● **To do**:
Transcribe all of the data, leaving nothing out and changing nothing.

[Records from a data collection]
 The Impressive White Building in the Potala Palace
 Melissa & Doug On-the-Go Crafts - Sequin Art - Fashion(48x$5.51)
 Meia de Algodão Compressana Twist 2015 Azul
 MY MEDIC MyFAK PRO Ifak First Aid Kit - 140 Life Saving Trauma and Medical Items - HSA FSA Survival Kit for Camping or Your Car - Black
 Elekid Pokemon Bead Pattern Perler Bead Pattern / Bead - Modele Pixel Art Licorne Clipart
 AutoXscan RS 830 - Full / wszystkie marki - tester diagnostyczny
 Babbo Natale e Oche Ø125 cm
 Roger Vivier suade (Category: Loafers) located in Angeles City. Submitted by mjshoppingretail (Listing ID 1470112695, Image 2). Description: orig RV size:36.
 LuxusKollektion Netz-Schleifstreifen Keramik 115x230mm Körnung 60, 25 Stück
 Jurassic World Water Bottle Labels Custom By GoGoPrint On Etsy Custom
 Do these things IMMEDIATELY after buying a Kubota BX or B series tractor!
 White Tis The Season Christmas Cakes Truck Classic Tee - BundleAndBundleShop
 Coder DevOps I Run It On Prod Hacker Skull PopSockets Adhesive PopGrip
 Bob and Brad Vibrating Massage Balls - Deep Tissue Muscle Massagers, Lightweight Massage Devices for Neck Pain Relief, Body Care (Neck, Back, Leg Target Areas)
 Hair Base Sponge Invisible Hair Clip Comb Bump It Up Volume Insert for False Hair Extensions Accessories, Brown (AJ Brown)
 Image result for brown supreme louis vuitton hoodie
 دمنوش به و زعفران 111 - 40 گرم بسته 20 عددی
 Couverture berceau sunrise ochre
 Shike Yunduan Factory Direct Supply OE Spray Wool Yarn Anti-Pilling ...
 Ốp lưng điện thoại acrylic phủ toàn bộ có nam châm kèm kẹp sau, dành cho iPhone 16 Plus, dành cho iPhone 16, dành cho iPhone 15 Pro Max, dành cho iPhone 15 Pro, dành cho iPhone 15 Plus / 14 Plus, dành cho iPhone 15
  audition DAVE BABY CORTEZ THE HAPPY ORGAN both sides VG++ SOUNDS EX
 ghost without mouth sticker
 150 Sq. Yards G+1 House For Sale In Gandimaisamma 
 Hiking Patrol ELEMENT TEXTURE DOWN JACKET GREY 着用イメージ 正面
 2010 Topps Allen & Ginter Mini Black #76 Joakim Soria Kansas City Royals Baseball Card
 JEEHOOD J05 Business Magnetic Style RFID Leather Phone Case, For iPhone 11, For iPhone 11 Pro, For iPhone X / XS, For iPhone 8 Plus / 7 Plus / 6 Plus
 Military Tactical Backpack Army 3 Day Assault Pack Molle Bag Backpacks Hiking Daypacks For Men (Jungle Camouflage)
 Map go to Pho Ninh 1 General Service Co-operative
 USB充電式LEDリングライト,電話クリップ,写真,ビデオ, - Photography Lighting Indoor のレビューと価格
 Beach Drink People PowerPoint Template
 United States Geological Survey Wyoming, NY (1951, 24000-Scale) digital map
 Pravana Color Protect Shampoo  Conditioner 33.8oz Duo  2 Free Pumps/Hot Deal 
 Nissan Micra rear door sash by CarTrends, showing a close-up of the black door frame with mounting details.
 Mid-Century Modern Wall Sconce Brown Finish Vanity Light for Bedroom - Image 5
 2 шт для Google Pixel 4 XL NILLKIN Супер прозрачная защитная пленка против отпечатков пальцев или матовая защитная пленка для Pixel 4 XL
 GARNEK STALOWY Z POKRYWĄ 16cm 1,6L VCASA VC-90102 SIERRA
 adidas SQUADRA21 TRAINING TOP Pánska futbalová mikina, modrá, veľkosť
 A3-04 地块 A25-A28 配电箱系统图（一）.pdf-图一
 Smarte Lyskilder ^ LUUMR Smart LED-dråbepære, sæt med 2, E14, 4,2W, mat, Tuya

● **Answer box**:
 The Impressive White Building in the Potala Palace
 Melissa & Doug On-the-Go Crafts - Sequin Art - Fashion(48x$5.51)
 Meia de Algodão Compressana Twist 2015 Azul
 MY MEDIC MyFAK PRO Ifak First Aid Kit - 140 Life Saving Trauma and Medical Items - HSA FSA Survival Kit for Camping or Your Car - Black
 Elekid Pokemon Bead Pattern Perler Bead Pattern / Bead - Modele Pixel Art Licorne Clipart
 AutoXscan RS 830 - Full / wszystkie marki - tester diagnostyczny
 Babbo Natale e Oche Ø125 cm
 Roger Vivier suade (Category: Loafers) located in Angeles City. Submitted by mjshoppingretail (Listing ID 1470112695, Image 2). Description: orig RV size:36.
 LuxusKollektion Netz-Schleifstreifen Keramik 115x230mm Körnung 60, 25 Stück
 Jurassic World Water Bottle Labels Custom By GoGoPrint On Etsy Custom
 Do these things IMMEDIATELY after buying a Kubota BX or B series tractor!
 White Tis The Season Christmas Cakes Truck Classic Tee - BundleAndBundleShop
 Coder DevOps I Run It On Prod Hacker Skull PopSockets Adhesive PopGrip
 Bob and Brad Vibrating Massage Balls - Deep Tissue Muscle Massagers, Lightweight Massage Devices for Neck Pain Relief, Body Care (Neck, Back, Leg Target Areas)
 Hair Base Sponge Invisible Hair Clip Comb Bump It Up Volume Insert for False Hair Extensions Accessories, Brown (AJ Brown)
 Image result for brown supreme louis vuitton hoodie
 دمنوش به و زعفران 111 - 40 گرم بسته 20 عددی
 Couverture berceau sunrise ochre
 Shike Yunduan Factory Direct Supply OE Spray Wool Yarn Anti-Pilling ...
 Ốp lưng điện thoại acrylic phủ toàn bộ có nam châm kèm kẹp sau, dành cho iPhone 16 Plus, dành cho iPhone 16, dành cho iPhone 15 Pro Max, dành cho iPhone 15 Pro, dành cho iPhone 15 Plus / 14 Plus, dành cho iPhone 15
  audition DAVE BABY CORTEZ THE HAPPY ORGAN both sides VG++ SOUNDS EX
 ghost without mouth sticker
 150 Sq. Yards G+1 House For Sale In Gandimaisamma 
 Hiking Patrol ELEMENT TEXTURE DOWN JACKET GREY 着用イメージ 正面
 2010 Topps Allen & Ginter Mini Black #76 Joakim Soria Kansas City Royals Baseball Card
 JEEHOOD J05 Business Magnetic Style RFID Leather Phone Case, For iPhone 11, For iPhone 11 Pro, For iPhone X / XS, For iPhone 8 Plus / 7 Plus / 6 Plus
 Military Tactical Backpack Army 3 Day Assault Pack Molle Bag Backpacks Hiking Daypacks For Men (Jungle Camouflage)
 Map go to Pho Ninh 1 General Service Co-operative
 USB充電式LEDリングライト,電話クリップ,写真,ビデオ, - Photography Lighting Indoor のレビューと価格
 Beach Drink People PowerPoint Template
 United States Geological Survey Wyoming, NY (1951, 24000-Scale) digital map
 Pravana Color Protect Shampoo  Conditioner 33.8oz Duo  2 Free Pumps/Hot Deal 
 Nissan Micra rear door sash by CarTrends, showing a close-up of the black door frame with mounting details.
 Mid-Century Modern Wall Sconce Brown Finish Vanity Light for Bedroom - Image 5
 2 шт для Google Pixel 4 XL NILLKIN Супер прозрачная защитная пленка против отпечатков пальцев или матовая защитная пленка для Pixel 4 XL
 GARNEK STALOWY Z POKRYWĄ 16cm 1,6L VCASA VC-90102 SIERRA
 adidas SQUADRA21 TRAINING TOP Pánska futbalová mikina, modrá, veľkosť
 A3-04 地块 A25-A28 配电箱系统图（一）.pdf-图一
 Smarte Lyskilder ^ LUUMR Smart LED-dråbepære, sæt med 2, E14, 4,2W, mat, Tuya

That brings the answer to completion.